→ **ABOUT THIS EXERCISE**:
What you return should match the data below exactly, with every entry reproduced.
++++++++++++++++++++
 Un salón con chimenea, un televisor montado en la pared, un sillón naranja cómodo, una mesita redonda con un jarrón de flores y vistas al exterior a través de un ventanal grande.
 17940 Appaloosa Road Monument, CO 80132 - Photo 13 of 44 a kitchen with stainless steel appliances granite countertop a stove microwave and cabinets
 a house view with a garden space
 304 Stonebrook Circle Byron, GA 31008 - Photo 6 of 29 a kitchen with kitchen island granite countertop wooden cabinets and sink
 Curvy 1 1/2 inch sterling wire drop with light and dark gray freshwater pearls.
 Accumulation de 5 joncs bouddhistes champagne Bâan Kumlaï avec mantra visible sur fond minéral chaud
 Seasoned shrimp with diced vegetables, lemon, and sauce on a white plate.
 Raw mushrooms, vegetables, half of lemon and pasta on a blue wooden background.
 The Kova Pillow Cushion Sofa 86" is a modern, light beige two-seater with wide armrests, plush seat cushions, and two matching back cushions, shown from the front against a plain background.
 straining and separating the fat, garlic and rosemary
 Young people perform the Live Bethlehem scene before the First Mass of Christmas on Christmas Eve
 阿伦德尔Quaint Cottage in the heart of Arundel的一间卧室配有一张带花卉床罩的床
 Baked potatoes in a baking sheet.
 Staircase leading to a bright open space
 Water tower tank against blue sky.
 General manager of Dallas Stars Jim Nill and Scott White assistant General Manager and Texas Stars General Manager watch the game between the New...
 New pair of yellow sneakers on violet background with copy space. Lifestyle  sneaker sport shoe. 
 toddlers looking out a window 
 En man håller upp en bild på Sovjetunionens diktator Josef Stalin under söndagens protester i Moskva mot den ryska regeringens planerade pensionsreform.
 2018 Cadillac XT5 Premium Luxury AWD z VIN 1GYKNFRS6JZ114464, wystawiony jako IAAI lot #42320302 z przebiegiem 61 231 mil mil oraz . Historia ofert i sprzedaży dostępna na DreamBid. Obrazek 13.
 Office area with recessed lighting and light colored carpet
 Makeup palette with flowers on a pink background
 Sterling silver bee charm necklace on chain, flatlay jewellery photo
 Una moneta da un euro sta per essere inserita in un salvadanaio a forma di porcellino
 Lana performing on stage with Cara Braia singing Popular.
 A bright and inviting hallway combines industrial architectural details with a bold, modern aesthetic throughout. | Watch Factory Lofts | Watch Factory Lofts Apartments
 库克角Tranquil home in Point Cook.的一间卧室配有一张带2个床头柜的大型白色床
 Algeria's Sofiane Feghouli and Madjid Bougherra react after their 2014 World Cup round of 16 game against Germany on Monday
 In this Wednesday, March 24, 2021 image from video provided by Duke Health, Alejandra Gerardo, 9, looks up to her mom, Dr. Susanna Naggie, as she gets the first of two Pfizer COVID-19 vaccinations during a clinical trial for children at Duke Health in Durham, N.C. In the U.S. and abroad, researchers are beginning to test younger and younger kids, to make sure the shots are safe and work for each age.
++++++++++++++++++++
→ **RESPONSE AREA**:
 Un salón con chimenea, un televisor montado en la pared, un sillón naranja cómodo, una mesita redonda con un jarrón de flores y vistas al exterior a través de un ventanal grande.
 17940 Appaloosa Road Monument, CO 80132 - Photo 13 of 44 a kitchen with stainless steel appliances granite countertop a stove microwave and cabinets
 a house view with a garden space
 304 Stonebrook Circle Byron, GA 31008 - Photo 6 of 29 a kitchen with kitchen island granite countertop wooden cabinets and sink
 Curvy 1 1/2 inch sterling wire drop with light and dark gray freshwater pearls.
 Accumulation de 5 joncs bouddhistes champagne Bâan Kumlaï avec mantra visible sur fond minéral chaud
 Seasoned shrimp with diced vegetables, lemon, and sauce on a white plate.
 Raw mushrooms, vegetables, half of lemon and pasta on a blue wooden background.
 The Kova Pillow Cushion Sofa 86" is a modern, light beige two-seater with wide armrests, plush seat cushions, and two matching back cushions, shown from the front against a plain background.
 straining and separating the fat, garlic and rosemary
 Young people perform the Live Bethlehem scene before the First Mass of Christmas on Christmas Eve
 阿伦德尔Quaint Cottage in the heart of Arundel的一间卧室配有一张带花卉床罩的床
 Baked potatoes in a baking sheet.
 Staircase leading to a bright open space
 Water tower tank against blue sky.
 General manager of Dallas Stars Jim Nill and Scott White assistant General Manager and Texas Stars General Manager watch the game between the New...
 New pair of yellow sneakers on violet background with copy space. Lifestyle  sneaker sport shoe. 
 toddlers looking out a window 
 En man håller upp en bild på Sovjetunionens diktator Josef Stalin under söndagens protester i Moskva mot den ryska regeringens planerade pensionsreform.
 2018 Cadillac XT5 Premium Luxury AWD z VIN 1GYKNFRS6JZ114464, wystawiony jako IAAI lot #42320302 z przebiegiem 61 231 mil mil oraz . Historia ofert i sprzedaży dostępna na DreamBid. Obrazek 13.
 Office area with recessed lighting and light colored carpet
 Makeup palette with flowers on a pink background
 Sterling silver bee charm necklace on chain, flatlay jewellery photo
 Una moneta da un euro sta per essere inserita in un salvadanaio a forma di porcellino
 Lana performing on stage with Cara Braia singing Popular.
 A bright and inviting hallway combines industrial architectural details with a bold, modern aesthetic throughout. | Watch Factory Lofts | Watch Factory Lofts Apartments
 库克角Tranquil home in Point Cook.的一间卧室配有一张带2个床头柜的大型白色床
 Algeria's Sofiane Feghouli and Madjid Bougherra react after their 2014 World Cup round of 16 game against Germany on Monday
 In this Wednesday, March 24, 2021 image from video provided by Duke Health, Alejandra Gerardo, 9, looks up to her mom, Dr. Susanna Naggie, as she gets the first of two Pfizer COVID-19 vaccinations during a clinical trial for children at Duke Health in Durham, N.C. In the U.S. and abroad, researchers are beginning to test younger and younger kids, to make sure the shots are safe and work for each age.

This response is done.